I would not personally trust portable electric fencing to be my main predator proofing measure, though. Especially at night or when unattended during the day. So it depends how your yard is fenced.

JMHO, good luck, have fun,

Pat


----------



## miss_thenorth (May 31, 2010)

How are you about aesthetics?  I too am grazing my sheep in electronet in my front yard, and we rotate them.

As far as aesthetics are concerned, I have found that thereare certain areas where the sheep will not eat, and thus it grows longer, and have also noted certain areas where they eat it right down to the wood.
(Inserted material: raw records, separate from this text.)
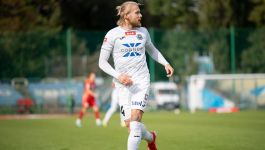 Hutnik Kraków – Olimpia Grudziądz. Betclic 2 Liga, 16. kolejka.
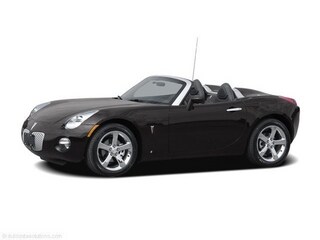 2007 Pontiac Solstice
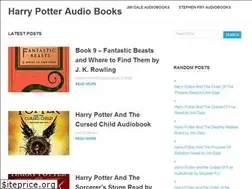 Sites similar to gobletaudiobook.com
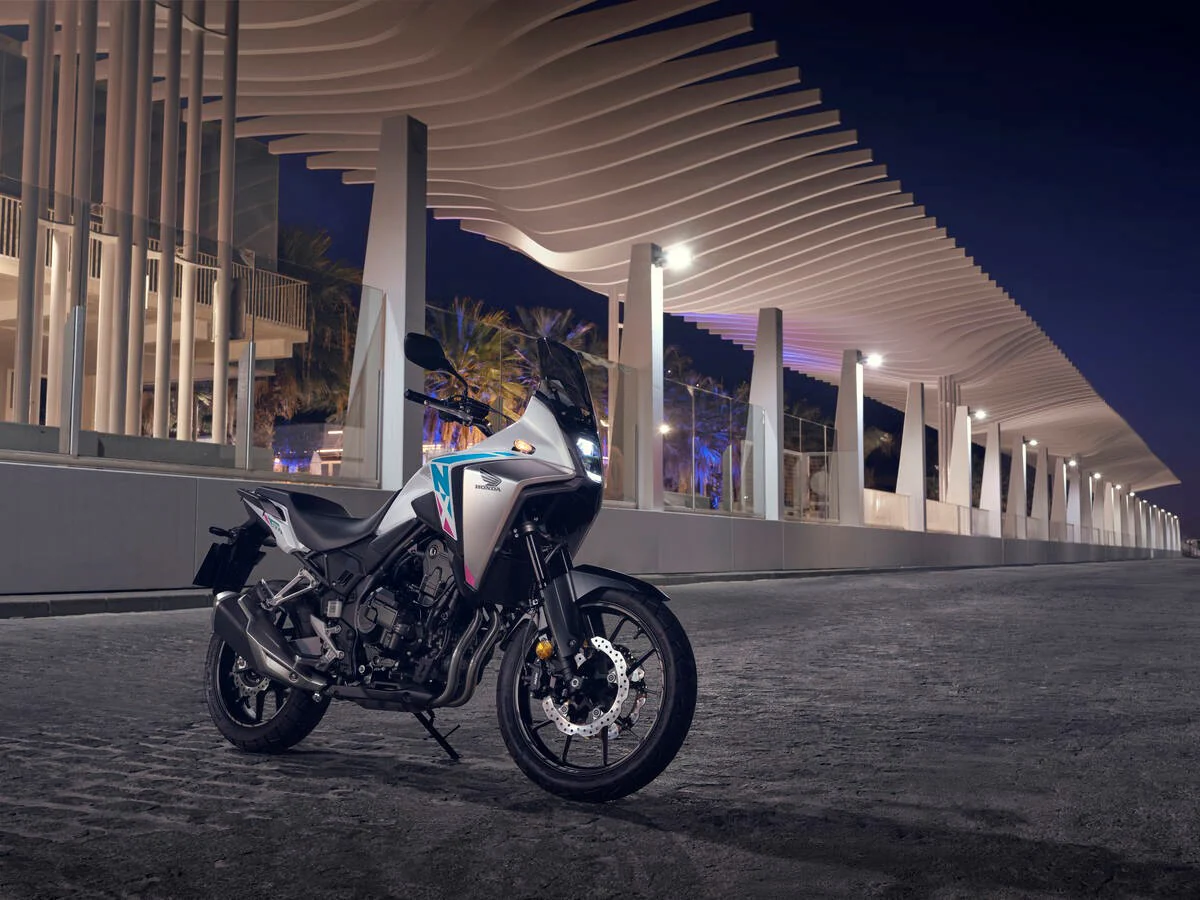 Honda NX500 (2026) - Image 12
After we remove them from certain areas, we give it a mowing with the lawnmower, but in general, it really cuts down on the amount of gas powered lawn mowing we do.


----------



## Riverdale (May 31, 2010)

miss_thenorth said:
			
		

> but in general, it really cuts down on the amount of gas powered lawn mowing we do.


The whole point


----------



## Beekissed (May 31, 2010)

I've been doing it...this is my second year.  This spring they couldn't keep up and we finally had to mow once.  Last year we had a couple of cows here also, so they were able to keep the grass down and I only had to mow down the clumps once all year. 

I am adding to my flock in hopes that I can rotate them through three distinct paddocks and give each a rest.  It seems to me that they clean up the clumps of not so desirable grass when there is more competition for food. 

Its a great feeling to turn otherwise useless lawn into food that turns into food, if you know what I mean.  Best idea I ever had!


----------